So if growth is strong today, but not quite where you want it to be, recommendation #1 is to step it up. Go faster! Go harder! Go into beast mode, into founder mode.
Recommendation #2 is to build a second, bigger product than the first. This always works on paper — if done right. But it’s hard, and it can often feel too late.
So one way to do #2, to get their second big product, is to merge with another start-up, and get that big second product that way. Faster. And Now. Sometimes, merging with a partner. Sometimes, a competitor (this is how ZoomInfo scaled). Sometimes, an adjacent player you can both sell to.

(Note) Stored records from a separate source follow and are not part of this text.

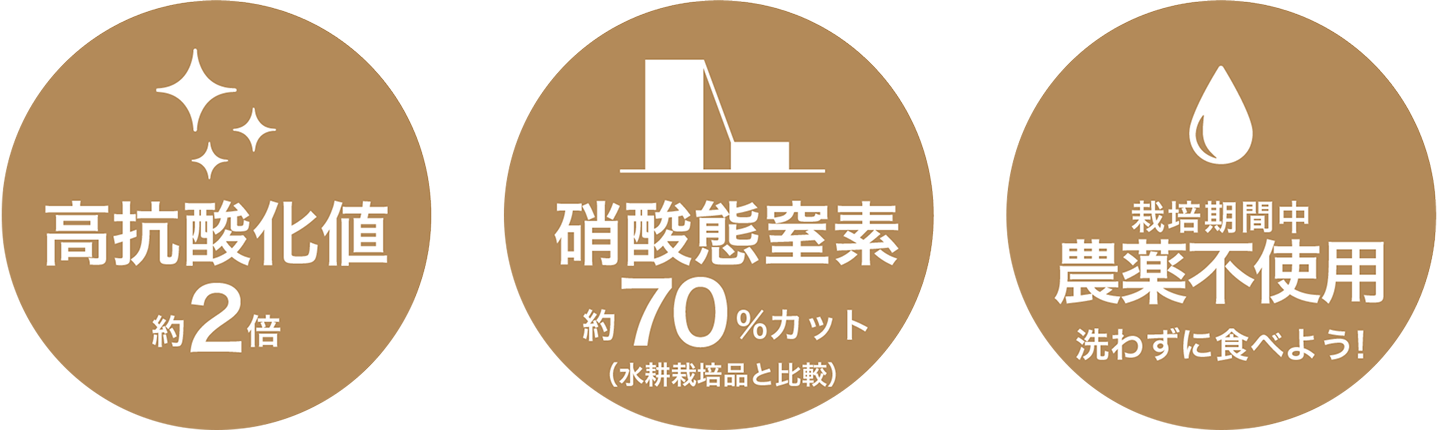 高抗酸化値約2倍 硝酸態窒素約70%カット 無農薬で安心 洗わずに食べよう！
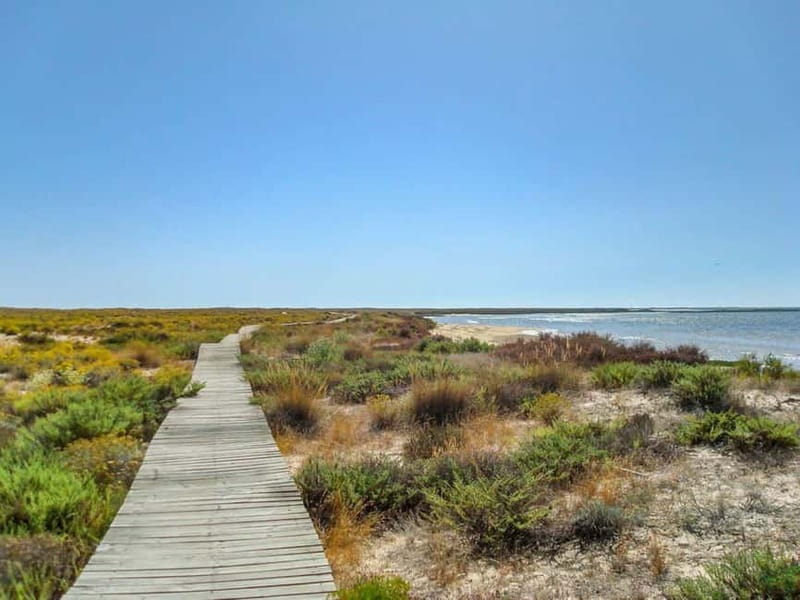 Algarve: Olhão Highlights Tour and Ria Formosa Boat Trip - A Closer Look at the Itinerary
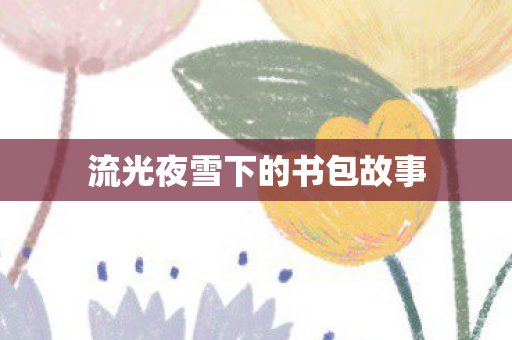 流光夜雪下的书包故事图片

One interesting example from the other day is Harness + Traceable:
Both were co-founded by Jyoti Bansal, founder of AppDynamics, which Cisco bought for $3.7 Billion.
So combining two companies with related cap tables and the same co-founder certainly makes it somewhat easier. Not easy, but somewhat easier.
But the point still holds: by combining, the two together are at $250m ARR growing 50%. That’s plenty to not just power past $1B ARR, but importantly, to IPO with a strong valuation.
Alone, both strong players. But perhaps not quite the full package. And the bar to IPO today is very high. 50% growth at $500m ARR, or close. For a strong IPO.

So to founders out there at $10m-$200m+ ARR with good but perhaps not epic growth, here’s my challenge: think about who you might in theory combine with and see 1+1=3. It’s only worth it if it sums to 3.
But it’s at least worth thinking about.
Who would your top choice be? Maybe just go grab coffee.